You also need to periodically collect the GPU events using the TracyVkCollect( cmdbuf ) macro. The provided command buffer must be in the recording state and outside of a render pass instance.

Good practices

  • Remember to set thread names for proper identification of threads. You may use the functions exposed in the tracy/common/TracySystem.hpp header to do so. Note that the max thread name length in pthreads is limited to 15 characters. Proper thread naming support is available in MSVC only if you are using Windows SDK 10.0.15063 or newer.
  • Enable the MSVC String Pooling option (/GF) or the gcc counterpart, -fmerge-constants. This will reduce number of queries the server needs to perform to the client. Note that these options are enabled in optimized builds by default.

Practical considerations

Tracy's time measurement precision is not infinite. It's only as good as the system-provided timers are.

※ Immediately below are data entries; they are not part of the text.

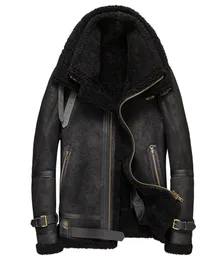 2019 New Mens Black B3 Sheepskin Shearling Jacket Double Collar Leather Jacket Short Winter Fur Coat Mens Motorcycle4331158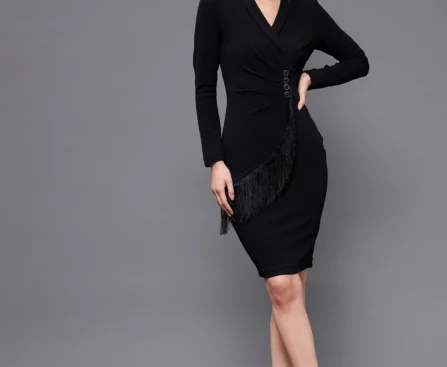 Miss Chase Women Bodycon Black Knee Length Dress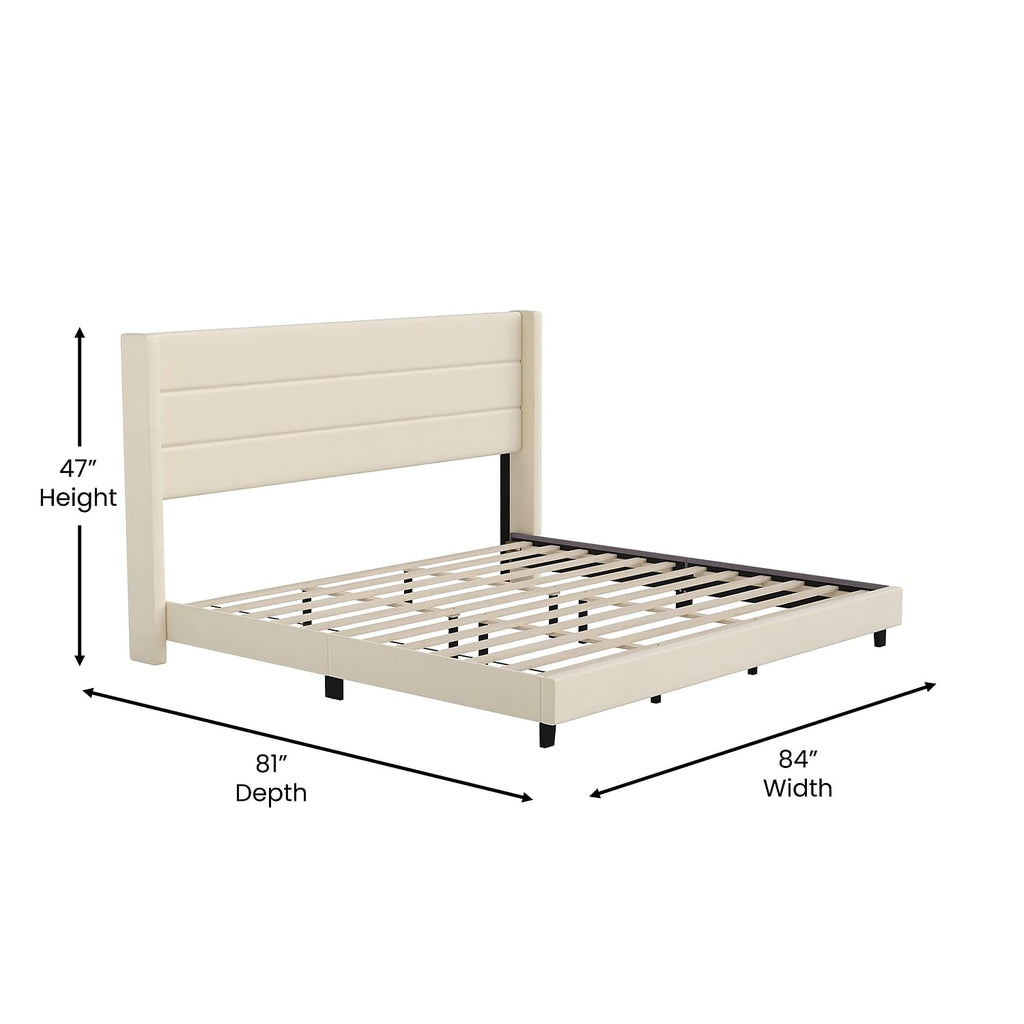 Flash Furniture Hollis Upholstered Platform Bed - Beige Faux Linen Wingback Headboard - King - Mattress Foundation with Slatted Supports - No Box Spring Needed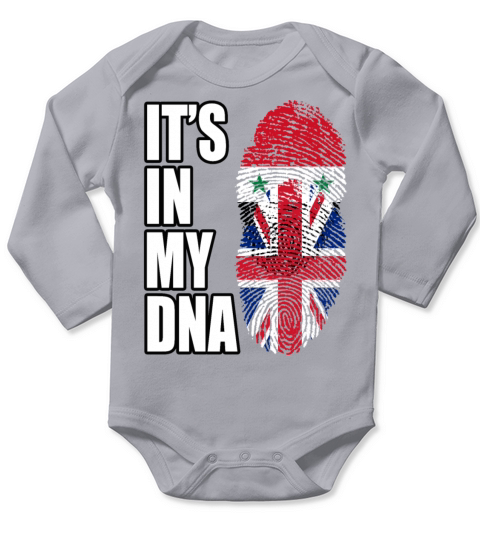 Syrian And British Vintage Heritage DNA Flag Long Sleeve Baby One-Piece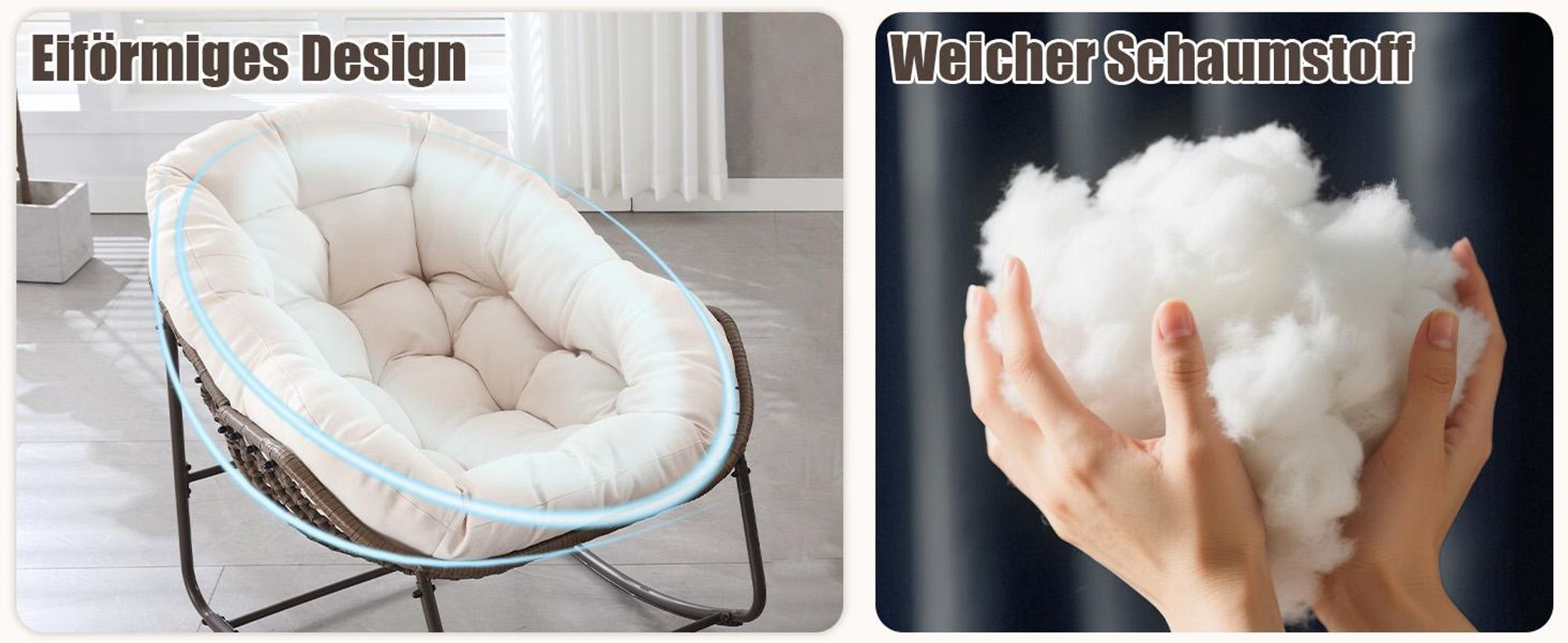 LVHOM Schaukelsessel Garten mit Kissen, 2 Stk. Rattanstühle mit Stahlrahmen, Schaukelstuhl Lounge-Schaukelsessel, Sessel für Balkon, Creme-Weiß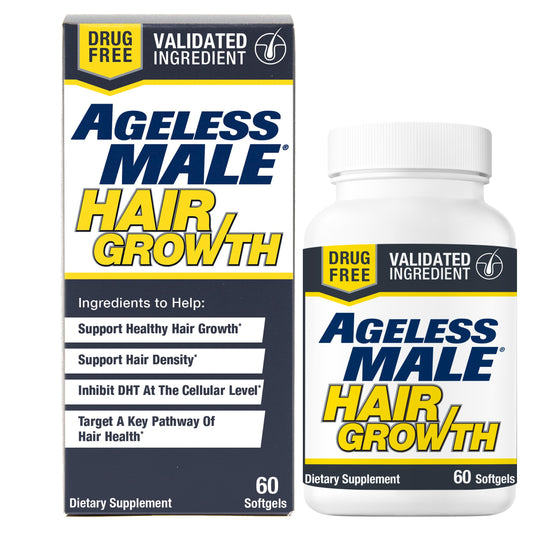 Ageless Male Hair Growth - Hair Growth for Men Saw Palmetto Biotin Horsetail Extract Supports Healthy Hair Density & Growth 60 Softgels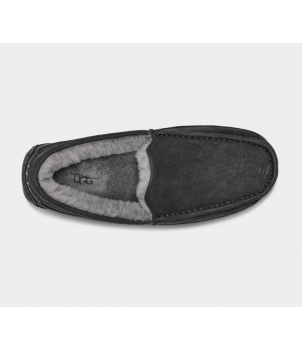 Mens Ascot Sheepskin slipper Black 1103889
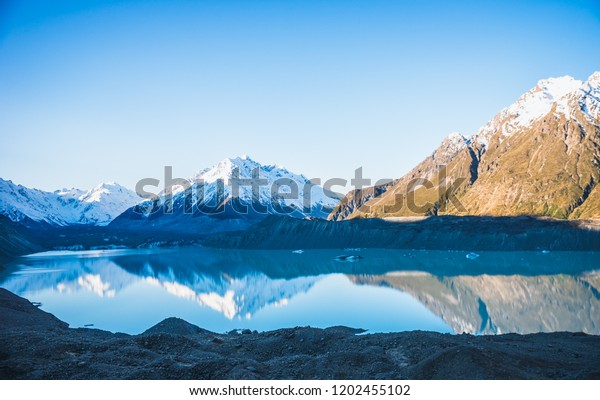 Tasman Glacier Mount Cook New Zealand Nature Stock Image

  • On the embedded ARM-based systems you can expect to have 1 µs time resolution. Some hardware is able to provide tens to hundreds nanoseconds resolution.
  • On x86 the time resolution depends on the hardware implementation of the RDTSCP instruction and typically is a couple of nanoseconds. This may vary from one micro-architecture to another and requires a fairly modern (Sandy Bridge) processor for reliable results.

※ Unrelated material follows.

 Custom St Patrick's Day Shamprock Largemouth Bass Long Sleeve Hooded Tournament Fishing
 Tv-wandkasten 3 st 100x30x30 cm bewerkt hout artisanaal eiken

While the data collection is very lightweight, it is not completely free. Each recorded zone event has a cost, which tracy tries to calculate and display on the timeline view, as a red zone. Note that this is an approximation of the real cost, which ignores many important factors. For example, you can't determine the impact of cache effects. The CPU frequency may be reduced in some situations, which will increase the recorded time, but the displayed profiler cost will not compensate for that.

Lua instrumentation needs to perform additional work (including memory allocation) to store source location. This approximately doubles the data collection cost.

You may use named colors predefined in common/TracyColor.hpp (included by Tracy.hpp). Visual reference: wikipedia.

Tracy server will perform statistical data collection on the fly, if the macro TRACY_NO_STATISTICS is not defined. This allows extended analysis of the trace (for example, you can perform a live search for matching zones) at a small CPU processing cost and a considerable memory usage increase (at least 10 bytes per zone).